Bugs V. Fudd, Part XXVIII

Theater just ain’t what it used to be. It’s not 1981 anymore. You can’t just slather yourself in olive oil, slip into a tighter-than-skin cat suit and call it art. Matter of fact, let’s be honest here: you can’t even dress up like a mink.

Fort Saint Davids mourns today the loss of one of our favorite pieces of improvisational street theater. Time was, performances were every Saturday at 1pm, outside Schumacher Furs on SW 8th and Morrison.

Sometimes you merely got your standard floorshow, familiar from over 40 years of made-for-TV dress rehearsals: PETA ladies naked in cages, facepaint, slogans, chants, sickly vegans, pictures of skinned dogs or cats. The usual.

But sometimes, well: sometimes Schumacher hired people to protest the protesters, placed burly security out front (who flirted with the protesters), stood out there and yelled, brandished a stuffed bobcat, or just plain got weird.

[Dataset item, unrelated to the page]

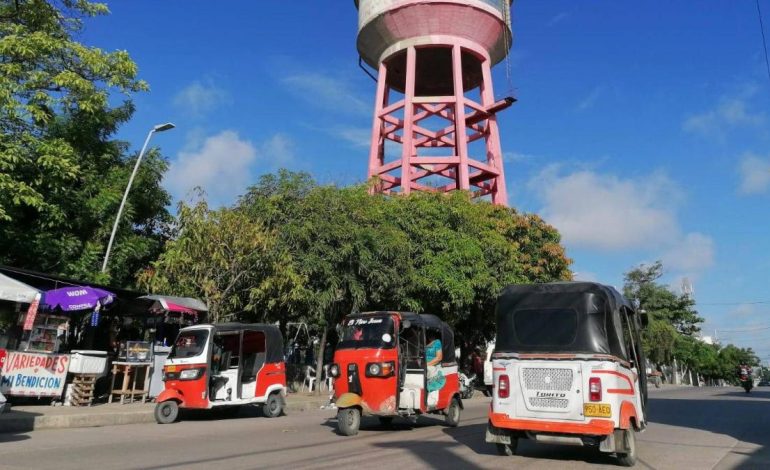 Este sábado, el «Día de Motocarro» tendrá lugar en la soledad, el Atlántico; Eso es lo que debes saber
– Primer plano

Well, Miltonians, sad to say, their epic tale of crossed stars and each being unhappy in its own way has passed us by. We’re not saying this is Tom Stoppard material, exactly. Kushner, maybe. Surely as complex and moving, at least, as your average Lloyd Webber musical (to which this entry, with all our Miltonian heart, is dedicated.)

But: the store’s closed, and yesterday Mr. Schumacher’s lawsuit against the protesters got tossed out of court. Something about the First Amendment.

Poor sad guy. Portland theater will never be the same.